Следовательно, настоящая глава является теорией, а не историей, но она строится на том весьма вероятном допущении, что общие тенденции последних пяти столетий сохранятся. Международная система, независимо от того, доминируют ли в ней шесть великих держав или только две, остается анархической: нет большей власти, чем суверенное, эгоистичное национальное государство{1014}. В каждый конкретный период времени некоторые из этих государств растут или сокращаются с точки зрения их сравнительной доли светской власти. У мира не больше шансов остаться неизменным в 1987 или 2000 году, чем было в 1870 или 1660 году.

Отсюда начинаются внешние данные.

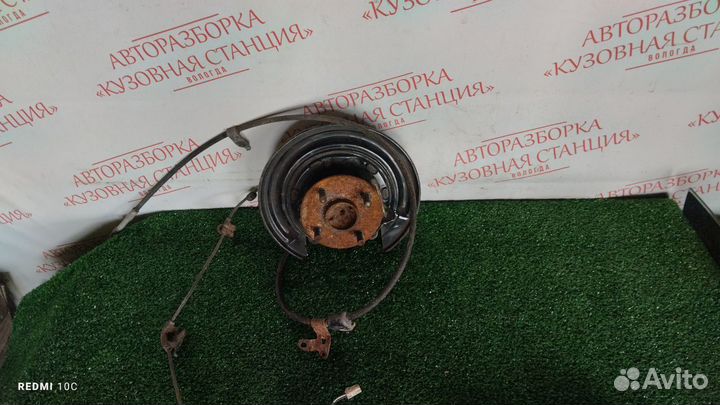 Щит тормозной задний правый Toyota Avensis II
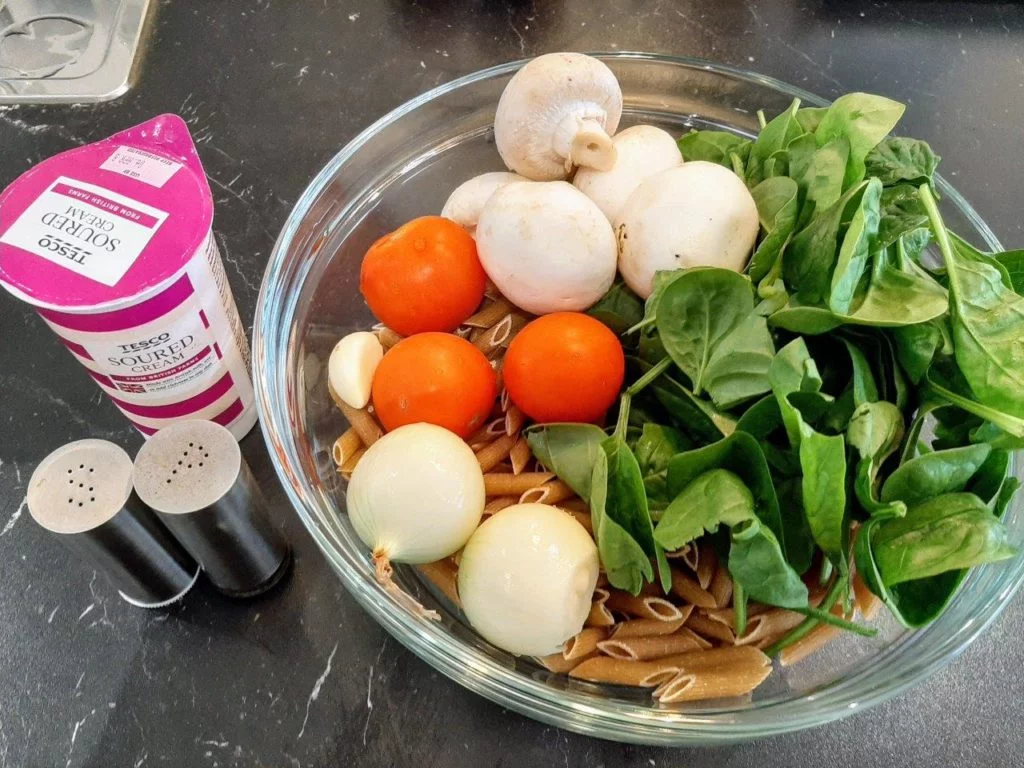 Qaymoqli pasta masalliqlari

Напротив, некоторые экономисты утверждают, что сами структуры международного производства и торговли меняются быстрее, чем когда-либо прежде: сельское хозяйство и сырьевая отрасль теряют свою относительную ценность, промышленное производство перестает сильно зависеть от индустриальной занятости, наукоемкие товары начинают доминировать во всех развитых обществах, а глобальные финансовые потоки все больше отрываются от торговых моделей{1015}. Все это, наряду со многими новыми научными разработками, неизбежно влияет на международные дела. Таким образом, если не произойдет какого-то божественного вмешательства или страшной ядерной катастрофы, механизмы мирового влияния, обусловленные технологическими и экономическими изменениями, по существу, сохранятся. Если радужные прогнозы, связанные с применением компьютеров, робототехники, биотехнологий и прочего, сбудутся и если, помимо-этого, надежды на успех «зеленой революции» в некоторых регионах «третьего мира» (где Индия и даже Китай становятся регулярными нетто-экспортерами зерна){1016} оправдаются, тогда мир в целом может стать намного богаче к началу XXI века. Даже если технологический прогресс окажется менее значителен, экономический рост наверняка продолжится благодаря демографическим изменениям и их воздействию на спрос, а также за счет более совершенной добычи сырья.